Weird query plans for my queries, causing terrible performance.

Started by Arjen van der Meijdenabout 23 years ago5 messagesgeneral
Jump to latest
#1Arjen van der Meijden
acm@tweakers.net

To create a list of recent topics in a forum I use these queries in mysql:
SELECT TopicID, StatusID, UserID
FROM F_Topics
WHERE ForumID = 15 AND Lastmessage > '2002-08-01 23:27:03+02'
AND Deleted = false
ORDER BY Lastmessage DESC
LIMIT 1000

and

SELECT TopicID, StatusID, UserID
FROM F_Topics
WHERE StatusID IN(1) AND Deleted = false AND ForumID = 15

Where in the client-code some simple checks are done on the queryresults
(for the rights a user has), which would make the queries quite slow on
mysql.

And after that it simply selects the needed info from the database using
a in list:

SELECT F_Topics.Name, F_Topics.TopicID, etc
FROM
F_Topics
LEFT JOIN
F_Users AS L_Users ON (L_Users.UserID = F_Topics.LastposterID)
, F_Users
WHERE
TopicID IN (list of topicids gathered from the above queries)
AND
F_Users.UserID = F_Topics.UserID
AND
!F_Topics.Deleted
AND
F_Topics.ForumID=15

Together it takes around 60ms to finish in mysql. That isn't the nicest
query setup. So I tried to create a single query for this in postgresql.

The F_Topics table has some fields, including TopicID (primary key),
UserID (foreign key to F_Users.UserID), LastPosterID (nullable foreign
to F_Users.UserID), LastMessage (timestamp), ForumID, StatusID (being a
integer with just 3 different values) and deleted (boolean)

There are three indices:
f_topics_pkey (on the topicid)
f_topics_forum_lastmessage_deleted (forumid, lastmessage, deleted)
f_topics_forum_status_deleted (forumid, statusid, deleted)

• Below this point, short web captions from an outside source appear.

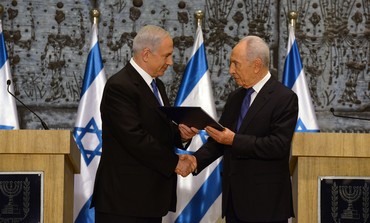 PM Binyamin Netanyahu accepts President Peres' invitation to form next government, February 2, 2013.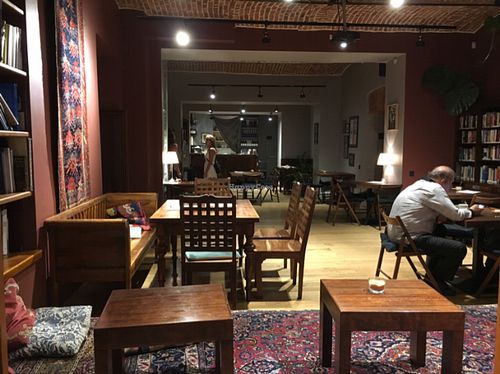 inside  at Cheder in Krakow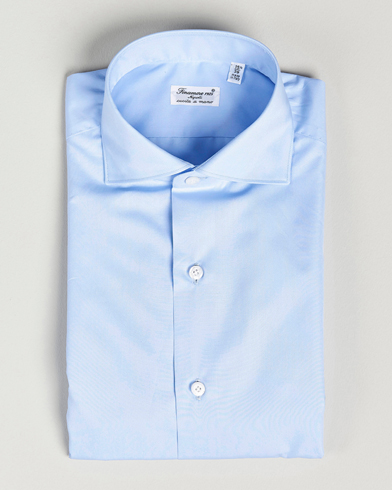 Men | Finamore Napoli | Finamore Napoli | Milano Slim Fit Classic Shirt Light Blue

and the only relevant index on the F_Users table is its primary key on
UserID.

The query:
SELECT F_Topics.TopicID,F_Topics.StatusID, UserID
FROM F_Topics
WHERE (StatusID IN(1) OR F_Topics.Lastmessage > '2002-08-01 23:27:03+02')
AND F_Topics.Deleted = false AND ForumID = 15

Results in the plan:

Seq Scan on f_topics (cost=0.00..20347.58 rows=59 width=12)
Filter: (((statusid = 1) OR (lastmessage > '2002-08-01
23:27:03'::timestamp without time zone)) AND (deleted = false) AND
(forumid = 15))
Which would take around 2 seconds to complete.

While the query:
SELECT TopicID, StatusID, UserID
FROM F_Topics
WHERE (StatusID IN(1) AND Deleted = false AND ForumID = 15)
OR
(Lastmessage > '2002-08-01 23:27:03+02' AND Deleted = false AND ForumID
= 15)

Results in the plan:

Index Scan using f_topics_forum_status_deleted,
f_topics_forum_lastmessage_deleted on f_topics (cost=0.00..241.87
rows=60 width=12)
Index Cond: (((forumid = 15) AND (statusid = 1) AND (deleted =
false)) OR ((forumid = 15) AND (lastmessage > '2002-08-01
23:27:03'::timestamp without time zone) AND (deleted = false)))
Filter: (((statusid = 1) AND (deleted = false) AND (forumid = 15))
OR ((lastmessage > '2002-08-01 23:27:03'::timestamp without time zone)
AND (deleted = false) AND (forumid = 15)))
(3 rows)

Executing in around 9ms and exactly what I need.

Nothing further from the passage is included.